We have 33.3 W TDP per 8 CU @ 2GHz for the PS5, linearly speaking, we get 30.7 W TDP for those 8 CU @ 1.84 GHz and thus 184 W TDP for the full 48 CU GPU. This would mean that the theoretical TDP of the SX CPU+8CU combo would be 40.7 W. That's still incredibly close to the estimated TDP of the PS5 CPU which is somewhat reassurring - from a mathematically beautiful standpoint. The equivalent linear reduction in Navi (RX 5700 XT to RX 5700) gives us a 6 W TDP decrease over the 2 GHz to 1.84 GHz range. Yes, a 50% increase from the 3 W calculation in efficiency but not that unreasonable based on all the assumed improvements.

Finally, after all that recalculation, the PS5 now has an estimated 43 W + 116.5 W + 5 W = 165 W total die TDP. The Xbox Series X has an estimated 10 W + 184 W = 194 W... OR we have a 10 W + 163 W = 173 W TDP if we assume the wattage decrease of the current Navi GPUs.

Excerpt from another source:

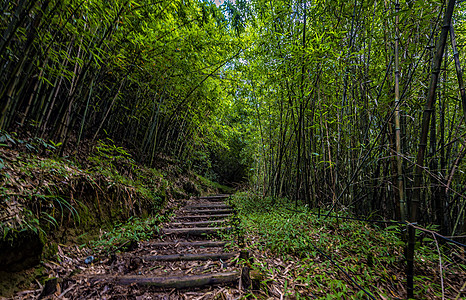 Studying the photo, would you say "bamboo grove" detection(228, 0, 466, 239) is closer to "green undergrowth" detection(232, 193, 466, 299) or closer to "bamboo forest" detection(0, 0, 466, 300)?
"bamboo forest" detection(0, 0, 466, 300)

Looking at historical APU TDPs of the current generation of consoles, these numbers are pretty much in line with what we've see before: 160 W PS4 Pro and 180 W One X TDP.

Once again, these TDP musings are nowhere near as accurate or definitive as the CPU/GPU performance calculations and even those are estimations based on extrapolations from current and prior technology. I have no insider information - this is purely for fun.

2 comments:

Unknown said...

Wow nice analysis, you have put some time into this and it shows. Keep it up!

Duoae said...

Thanks, obviously this is all just speculation but it was fun to put together.